◆ **EXERCISE PROMPT**
Filter the listing below down to the lines containing the word "your".

◆ **RECORDS TO USE**
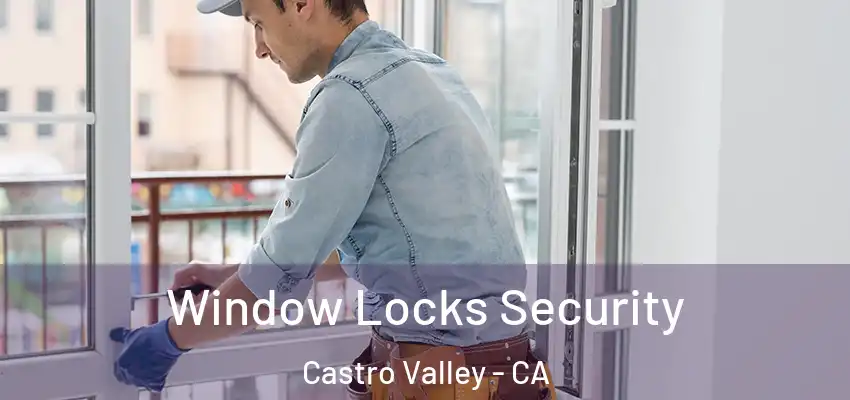 Window Locks Security Castro Valley - CA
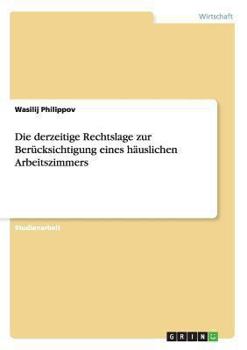 Paperback Die derzeitige Rechtslage zur Berücksichtigung eines häuslichen Arbeitszimmers [German] Book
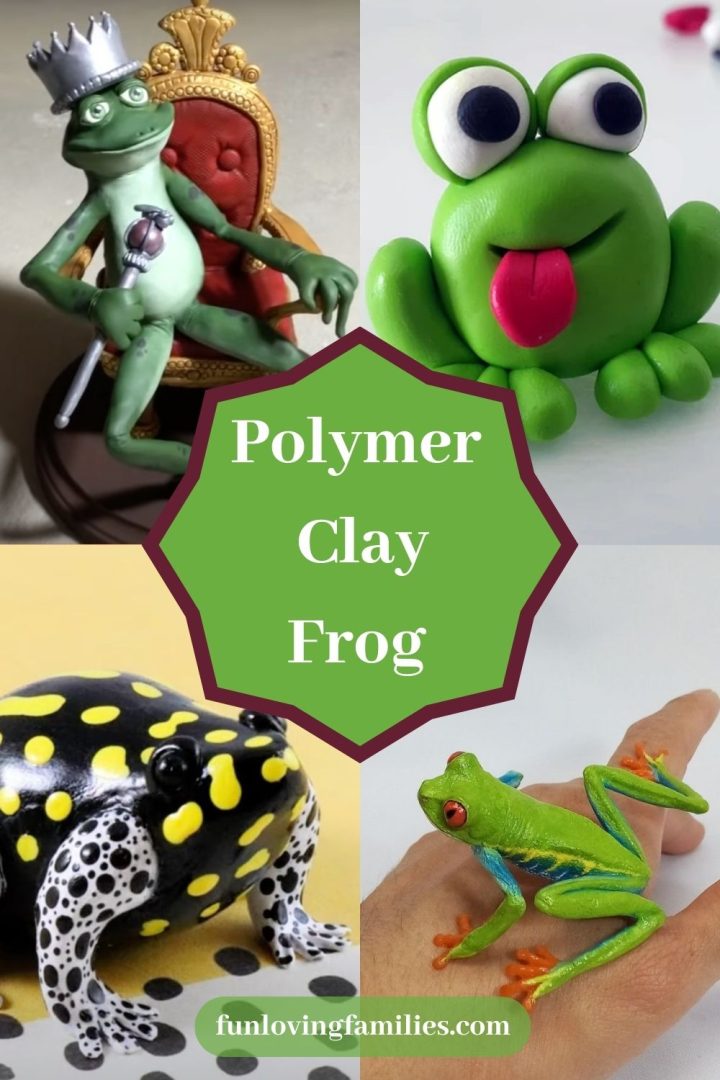 Polymer Clay Frog Tutorials & Ideas - Fun Loving Families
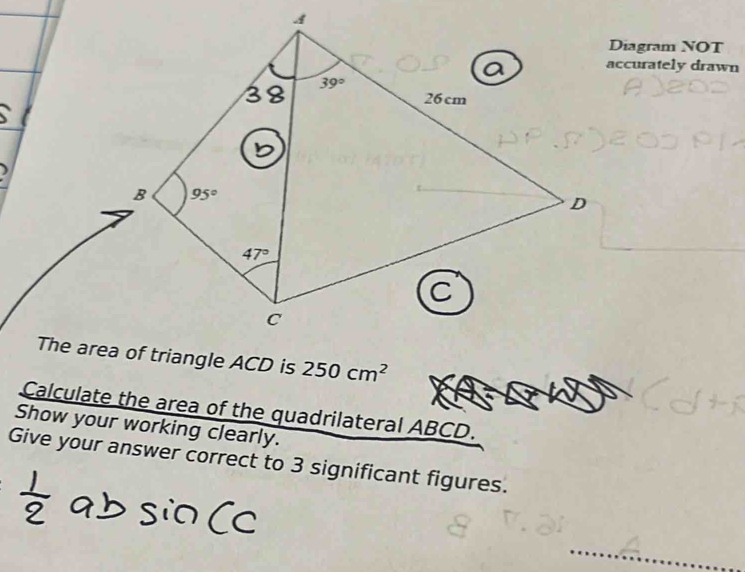 Diagram NOT
accurately drawn
250cm^2
Calculate the area of the quadrilateral ABCD.
Show your working clearly.
Give your answer correct to 3 significant figures.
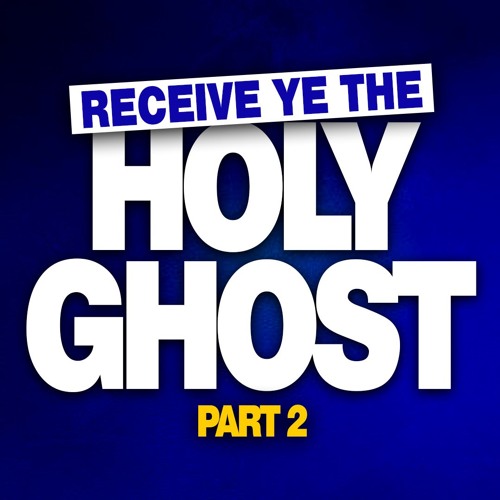Receive Ye The Holy Ghost 2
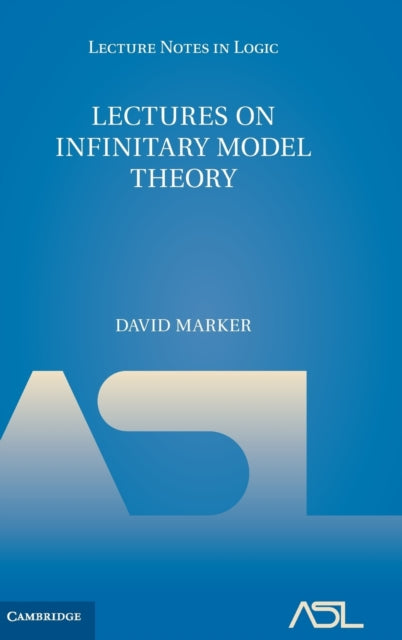 Book cover of: Lectures on Infinitary Model Theory. By: David Marker
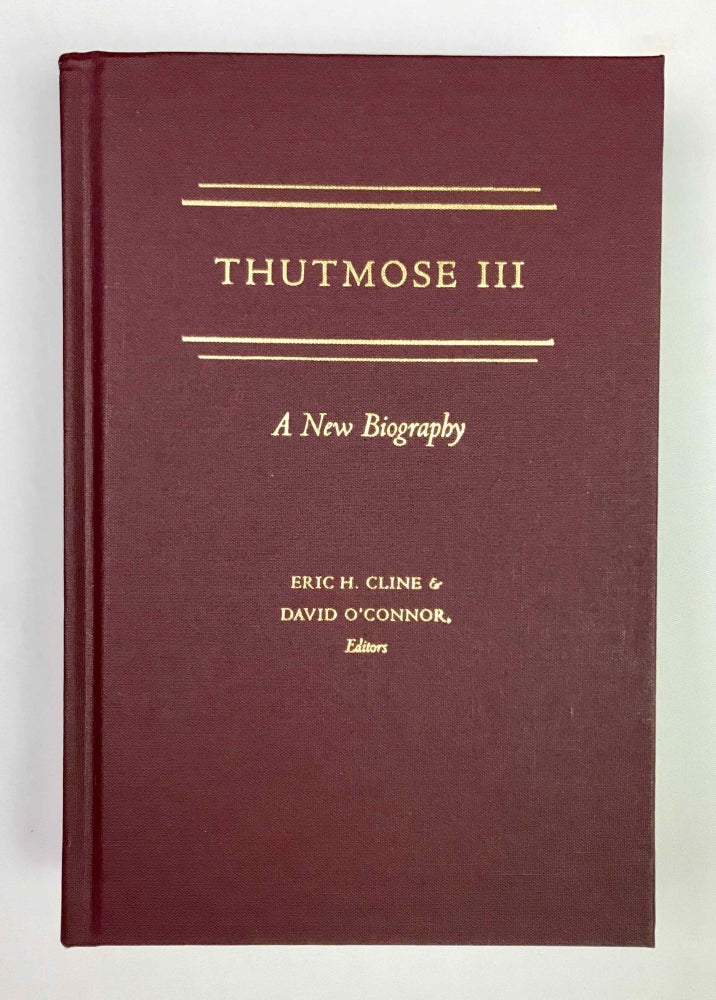 Item #M9848 Thutmose III. A New Biography. CLINE Eric H. - O'CONNOR David.[newline]M9848-00.jpeg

◆ **TASK OUTPUT**
Show your working clearly.
Give your answer correct to 3 significant figures.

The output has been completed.